> _Provided records_:
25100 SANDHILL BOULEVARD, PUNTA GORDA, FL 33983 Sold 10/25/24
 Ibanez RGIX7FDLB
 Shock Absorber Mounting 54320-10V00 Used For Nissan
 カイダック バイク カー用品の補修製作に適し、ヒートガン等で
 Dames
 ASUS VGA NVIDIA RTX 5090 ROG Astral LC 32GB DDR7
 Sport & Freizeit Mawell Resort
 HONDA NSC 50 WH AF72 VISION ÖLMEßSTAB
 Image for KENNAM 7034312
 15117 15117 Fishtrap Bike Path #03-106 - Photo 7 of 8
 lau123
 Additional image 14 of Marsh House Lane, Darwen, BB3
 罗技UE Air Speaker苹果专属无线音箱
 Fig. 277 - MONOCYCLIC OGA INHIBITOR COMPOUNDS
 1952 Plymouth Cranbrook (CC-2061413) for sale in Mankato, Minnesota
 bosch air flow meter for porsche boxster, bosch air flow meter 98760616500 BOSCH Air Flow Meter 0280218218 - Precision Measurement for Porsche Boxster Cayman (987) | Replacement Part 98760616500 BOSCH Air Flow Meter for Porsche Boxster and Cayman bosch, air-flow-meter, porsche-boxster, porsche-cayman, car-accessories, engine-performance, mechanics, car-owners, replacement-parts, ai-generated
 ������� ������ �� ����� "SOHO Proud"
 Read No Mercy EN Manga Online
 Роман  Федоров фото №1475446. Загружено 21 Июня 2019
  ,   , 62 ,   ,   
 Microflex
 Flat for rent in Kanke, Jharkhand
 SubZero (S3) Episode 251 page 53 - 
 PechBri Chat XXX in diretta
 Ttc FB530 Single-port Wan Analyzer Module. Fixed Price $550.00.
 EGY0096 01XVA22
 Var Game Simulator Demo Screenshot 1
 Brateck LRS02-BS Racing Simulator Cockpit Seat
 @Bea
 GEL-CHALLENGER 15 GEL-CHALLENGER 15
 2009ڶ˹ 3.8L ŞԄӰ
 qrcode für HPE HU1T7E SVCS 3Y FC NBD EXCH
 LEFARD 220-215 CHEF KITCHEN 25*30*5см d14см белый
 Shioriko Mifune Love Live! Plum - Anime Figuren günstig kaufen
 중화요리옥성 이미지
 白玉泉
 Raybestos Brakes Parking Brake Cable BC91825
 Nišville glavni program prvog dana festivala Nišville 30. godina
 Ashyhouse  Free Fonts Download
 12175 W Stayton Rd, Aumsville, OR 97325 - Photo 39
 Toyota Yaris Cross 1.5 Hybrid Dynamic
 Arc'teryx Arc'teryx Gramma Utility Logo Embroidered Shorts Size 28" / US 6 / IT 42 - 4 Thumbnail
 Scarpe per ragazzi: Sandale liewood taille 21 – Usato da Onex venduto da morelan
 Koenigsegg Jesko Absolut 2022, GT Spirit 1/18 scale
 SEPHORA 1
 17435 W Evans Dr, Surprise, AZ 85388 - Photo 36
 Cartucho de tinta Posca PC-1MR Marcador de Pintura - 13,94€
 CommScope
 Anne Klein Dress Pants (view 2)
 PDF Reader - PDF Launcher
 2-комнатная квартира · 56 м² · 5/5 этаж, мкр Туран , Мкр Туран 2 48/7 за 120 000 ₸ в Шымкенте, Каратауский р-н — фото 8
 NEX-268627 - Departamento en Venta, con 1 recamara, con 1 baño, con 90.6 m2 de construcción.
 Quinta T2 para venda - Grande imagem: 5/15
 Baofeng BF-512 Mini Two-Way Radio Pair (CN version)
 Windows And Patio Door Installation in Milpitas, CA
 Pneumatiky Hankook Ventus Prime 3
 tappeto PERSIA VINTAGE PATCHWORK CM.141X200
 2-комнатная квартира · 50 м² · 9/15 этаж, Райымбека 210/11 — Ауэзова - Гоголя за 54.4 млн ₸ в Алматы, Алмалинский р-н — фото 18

> _Instructions for the task_:
Count the lines in the preceding entries that contain the string "фото", and state only the resulting number.

> _Task solution_:
3